If you're on Facebook, the IDF is watching you

Stung by leaks of classified information casually posted on the site during the Second Lebanon War and thereafter, the IDF has set up a unit that will visit Facebook pages and seek to remove any military secrets.
Creation of the new unit is in part the result of recommendations by the Winograd Committee, appointed by parliament to identify failures in the Lebanon campaign.

As well as keeping an eye on updates posted on 'Facebook,' 'MySpace' and 'Twitter,' the new Department for Security and Information Research will track the communications of hundreds of senior officers to make sure they are not in contact with journalists.

The unit will also have powers to order lie detector tests for any soldier suspected of a leak. In a separate initiative, IDF Chief of Staff Gabi Ashkenazi recently ordered polygraph checks for all officers considered for promotion to the rank of lieutenant-colonel or higher, to include questions about unauthorized media contact.

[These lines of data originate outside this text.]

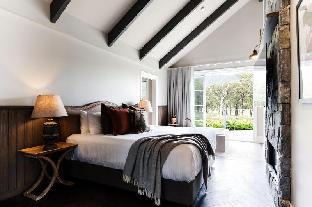 brokenback views country estate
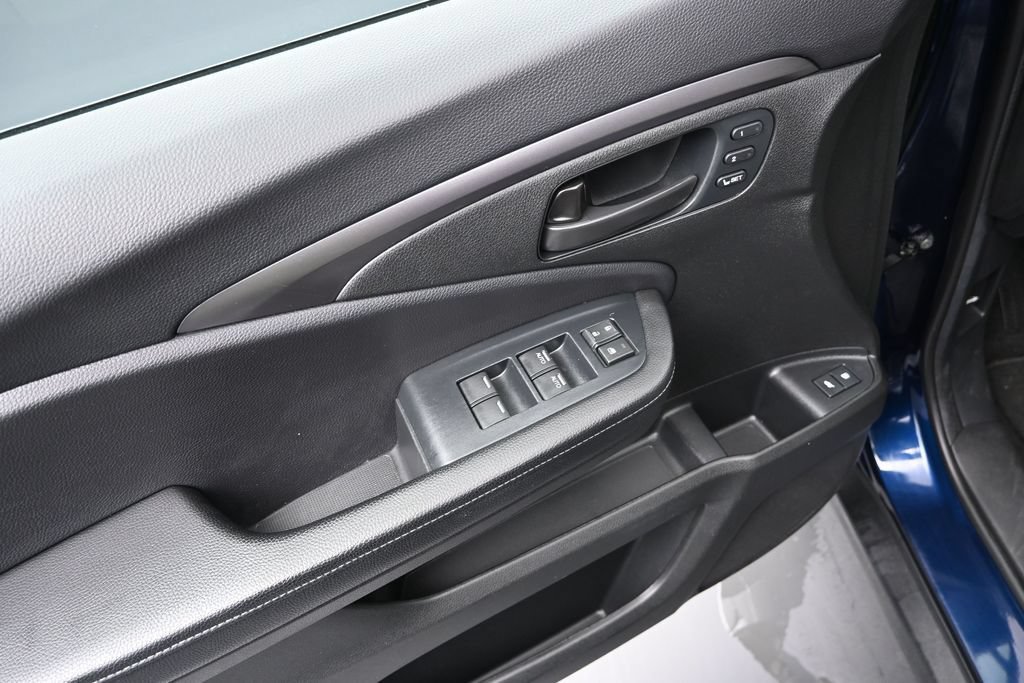 Certified 2023 Honda Passport EX-L image 18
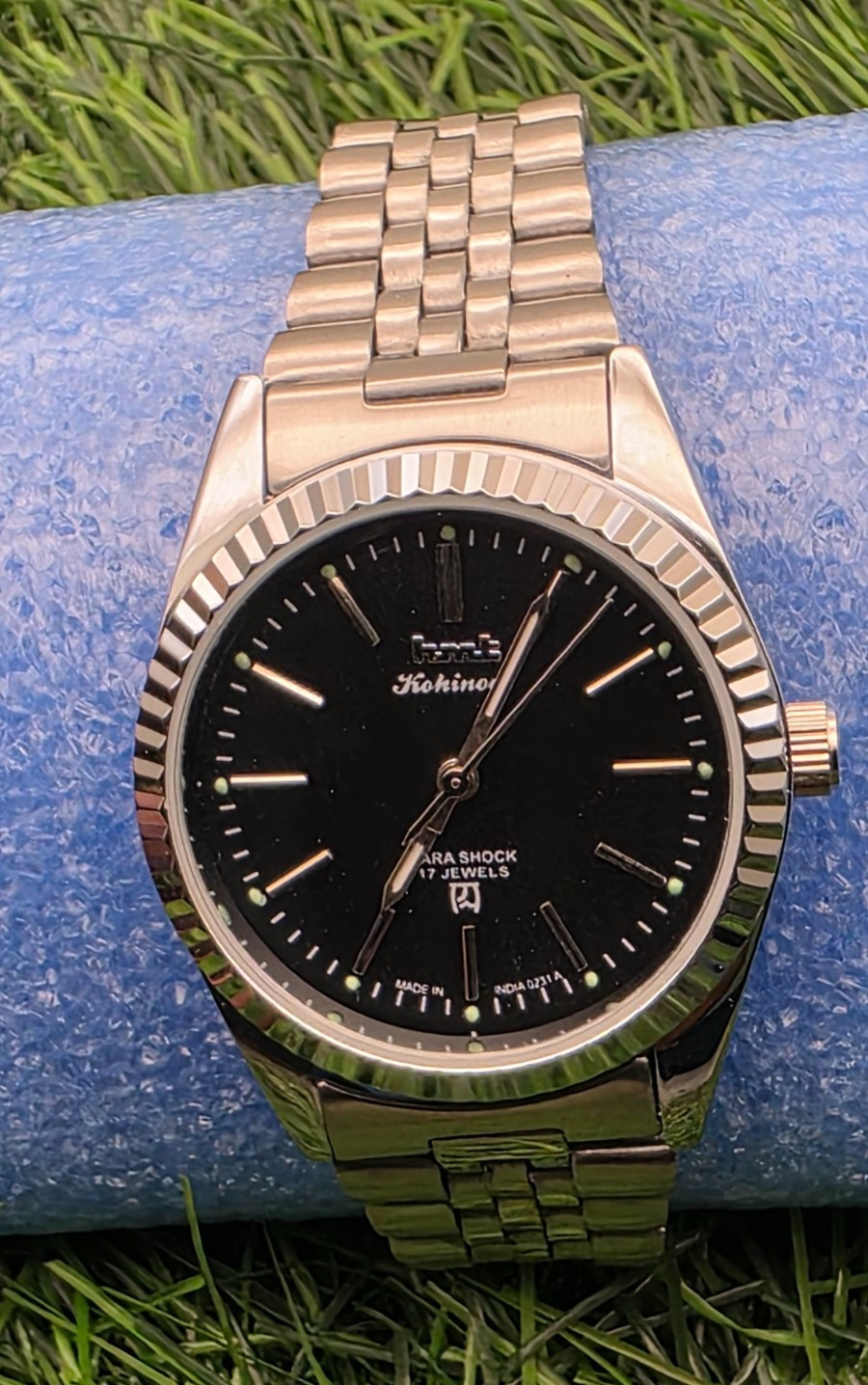 Beautiful Mens HMT Kohinoor Parashock Mechanical Wind 17J Watch Black Dial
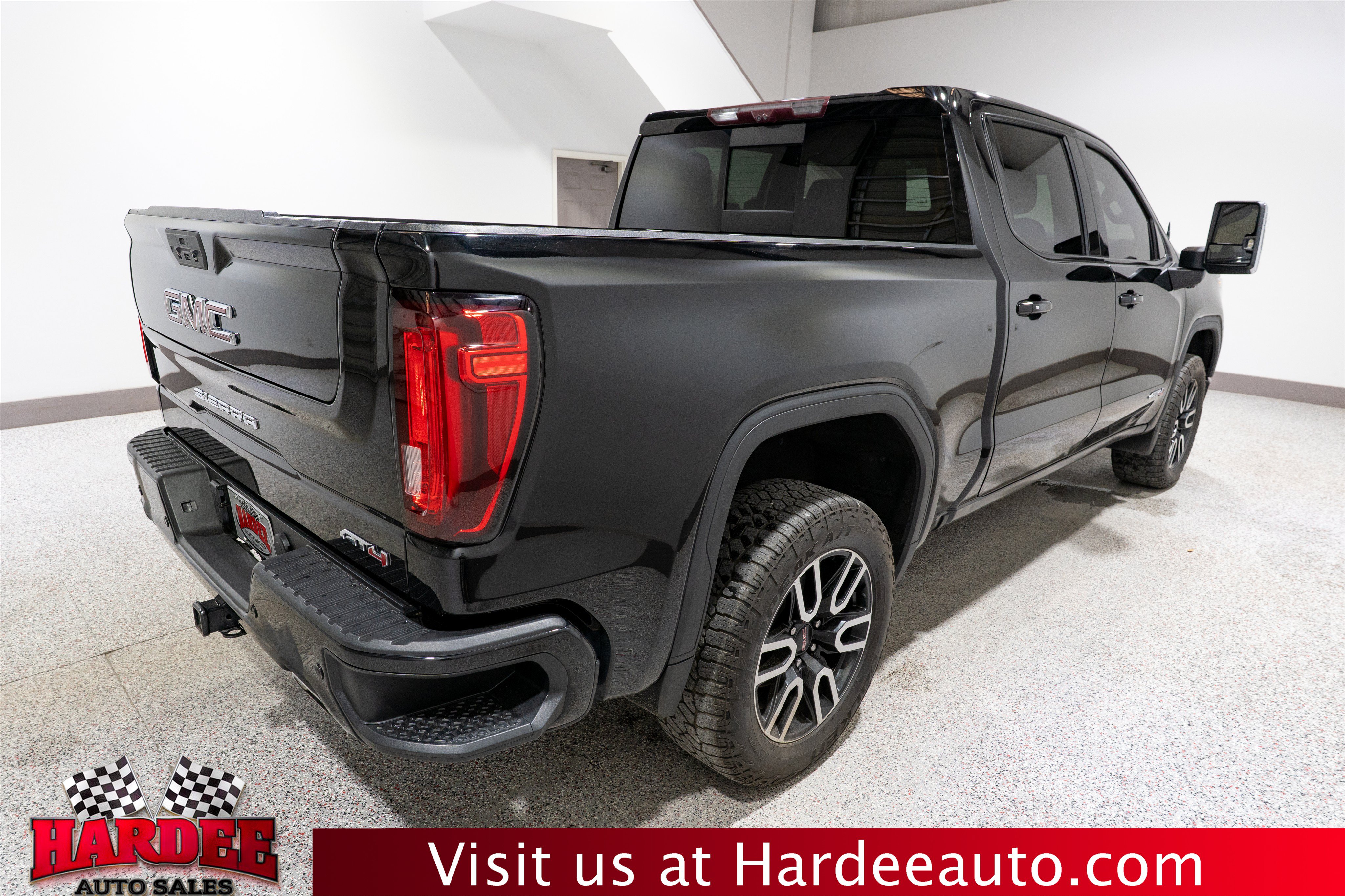 Used 2021 GMC Sierra 1500 AT4 w/ AT4 Value Package AWD/4WD image 5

Over the past two years the IDF has also begun to contend with an annual intake of thousands of 18-year-old conscripts for whom social networking is a part of daily life, issuing strict guidelines on posting personal information on the web.

The Shin Bet security service has reported several attempts by militant groups, including Hezbollah, to contact IDF soldiers on Facebook and other sites.
I'd bet that every army in the World is going to do something similar to this. Too bad it doesn't seem to affect Members of the Knesset and of Congress.

1 Comments:

At 2:34 PM, Blogger Unknown said...

Shalom Carl,
Reading your blog for months now and can't get enough.
Concerning "...the IDF is watching you." , I would suggest for IDF to pay attention to Russian language social network(s). Perhaps you have some way to pass it on.